La presse musicale parlerait de « the next big thing » . Le futur gros truc, le groupe qui n’a sorti qu’un single, mais est promis à tout casser. Ross Barkley est un artiste solo et n’a que vingt ans, pourtant il est déjà perçu en Angleterre comme le futur crack attendu depuis des lustres, parce qu’en foot aussi Albion a besoin de frémissement. Son nom n’en finit plus d’émouvoir les médias et les comparaisons toutes plus flatteuses les unes que les autres à son sujet fleurissent. L’Angleterre ne peut s’en empêcher. Quand elle s’éprend d’un talent neuf, celle-ci ne peut se résoudre à le lâcher. Lui mettant une pression immodérée trop difficile à assumer alors que le diamant n’est même pas encore poli. Les exemples servant d’échecs sont légion (Adam Johnson, Downing, Dyer, Wright-Phillips, etc). Mais Barkley n’a pas seulement un blase tout droit sorti d’un film hollywoodien. Le gamin possède ce petit truc en plus qui pourrait le propulser parmi les plus grands. Loin des espoirs trop souvent déchus.
Un talent précoce
Dans son genre, le gamin issu du quartier ouvrier de Wavertree, à Liverpool, est un précoce. Barkley, depuis tout jeune, fait tout plus vite que les autres. Et mieux, aussi. À quatorze piges, il squatte déjà l’équipe d’Angleterre des moins de 16 ans. Sélection avec laquelle il remporta le tournoi de Montaigu en 2009 avec le brassard de capitaine au bras. Sans une double fracture ouverte tibia-péroné en octobre 2010, son ascension aurait été encore plus rapide. Recruté à Everton à l’âge de onze ans, il n’a pas traîné pour impressionner très tôt tout son petit monde. « Quand un joueur est bon des deux pieds et qu’on a du mal à savoir quel est le meilleur, il faut lui faire tirer des penalties.

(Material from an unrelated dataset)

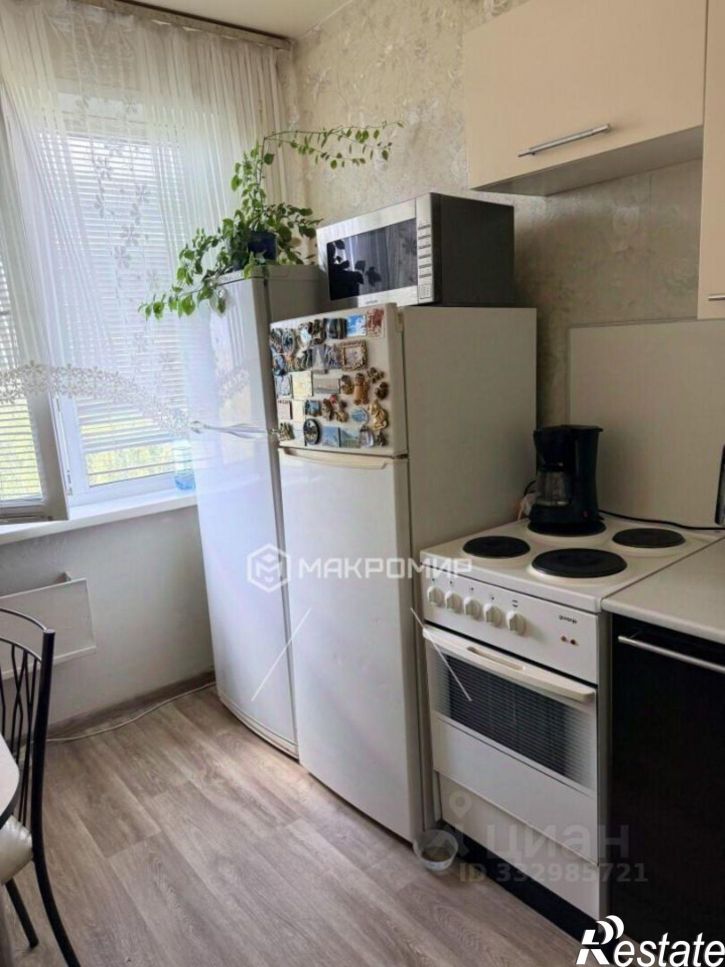 3-комн квартира ул Невельского, 55,  д. 55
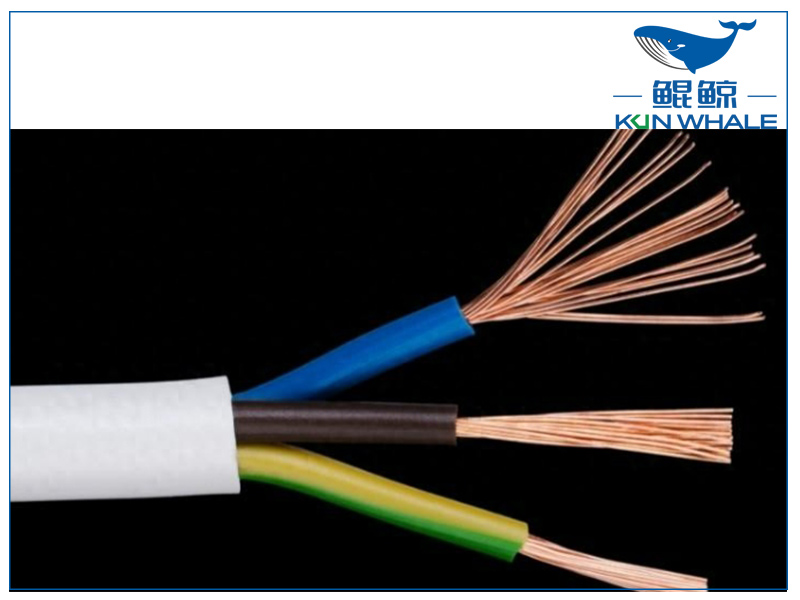 鄭州電纜廠淺談什么因素會導(dǎo)致電纜出現(xiàn)損壞？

Normalement, il se sert de celui qu’il pense le plus performant. Le jour où j’ai fait le test avec Ross, il a tiré quatre penalties, deux du droit, deux du gauche, et ils les a tous mis » , racontait dernièrement l’émérite Ray Hall, l’homme qui découvrit le joyau et dirigea l’Academy d’Everton durant près de vingt ans. C’est dit, Barkley pue le talent.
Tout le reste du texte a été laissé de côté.